Internally you store it as a pointer. But you don't take ownership (i.e. you don't call delete on the pointer in the destructor). So this object can easily be used incorrectly.

{
    PlatoSays  plato;
    plato.setCommand(new LokiCommand);
}

Here I have created a dynamic object and passed in it setCommand() (which has the only copy of this pointer. At the end of scope the LokiCommand object is leaked.

If you are not going to take ownership then pass by reference. This indicates to the method you can have a link to my object but I will delete it (not you).

void setCommand(Command& ptr_cmd) {
    ptr_command = &ptr_cmd;   // Its OK to store a pointer to the object
                              // Just mean Plato has to be created first
                              // and destroyed last.
}

Note: If you do want to pass ownership. Then wrap your pointer in a smart pointer. This will take care of the ownership.

class PlatoSays {
    std::unique_ptr<Command> ptr_command;
public:
    void setCommand(std::unique_ptr<Command>&& ptr_cmd) {
        ptr_command = std::move(ptr_cmd);
    }

    // Notice the usage of a unique_ptr is exactly the same as the
    // usage for a normal pointer. The only difference is that it
    // Correctly initializes itself (so you don't need a constructor)
    // And when updating it you need to use `std::move()`
    void invokeCommand() {
        if (ptr_command) {
            std::cout << "Plato says: ";
            ptr_command->execute();
        }
        else {
            std::cout << "Plato has nothing to say!" << std::endl;
        }
    }
};

Leaks in your program.

And here we see the exact problem with pointers.
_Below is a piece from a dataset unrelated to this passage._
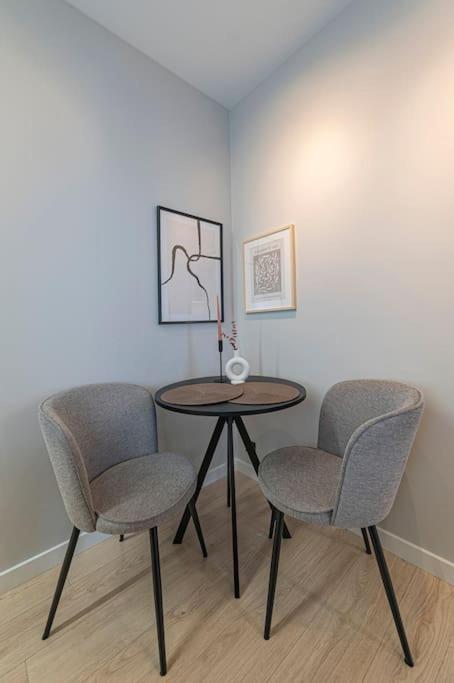 Lovely 1BD Central Apartment by Domvia view 4
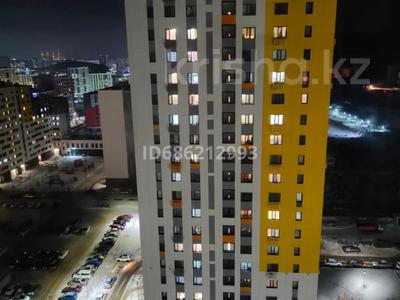 2-комнатная квартира, 40 м², 18/22 этаж помесячно, Роза Багланова за 180 000 〒 в Астане, Есильский р-н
plato.setCommand(new CowCommand(Cow()));
plato.invokeCommand();

plato.setCommand(new DogCommand(Dog("Lucky")));
plato.invokeCommand();

plato.setCommand(new CarCommand(Car()));
plato.invokeCommand();

All three of these objects are leaked.

Use when ownership is not transferred:

PlatoSays plato;
CowCommand   cow(Cow());
DogCommand   dog(Dog("Lucky");
CarCommand   car(Car());

plato.setCommand(cow);
plato.invokeCommand();

plato.setCommand(dog);
plato.invokeCommand();

plato.setCommand(car);
plato.invokeCommand();

Use when ownership is transferred:

PlatoSays plato;
plato.setCommand(std::unique_ptr<Command>(new CowCommand(Cow()));
plato.invokeCommand();

plato.setCommand(std::unique_ptr<Command>(new DogCommand(Dog("Lucky"))));
plato.invokeCommand();

plato.setCommand(std::unique_ptr<Command>(new CarCommand(Car())));
plato.invokeCommand();

Prefer "\n" over std::endl

The only difference is that std::endl flushes the stream. Manual programmer flushing is the usually non optimal and the cause of most slow downs when comparing C++ code to C code speed.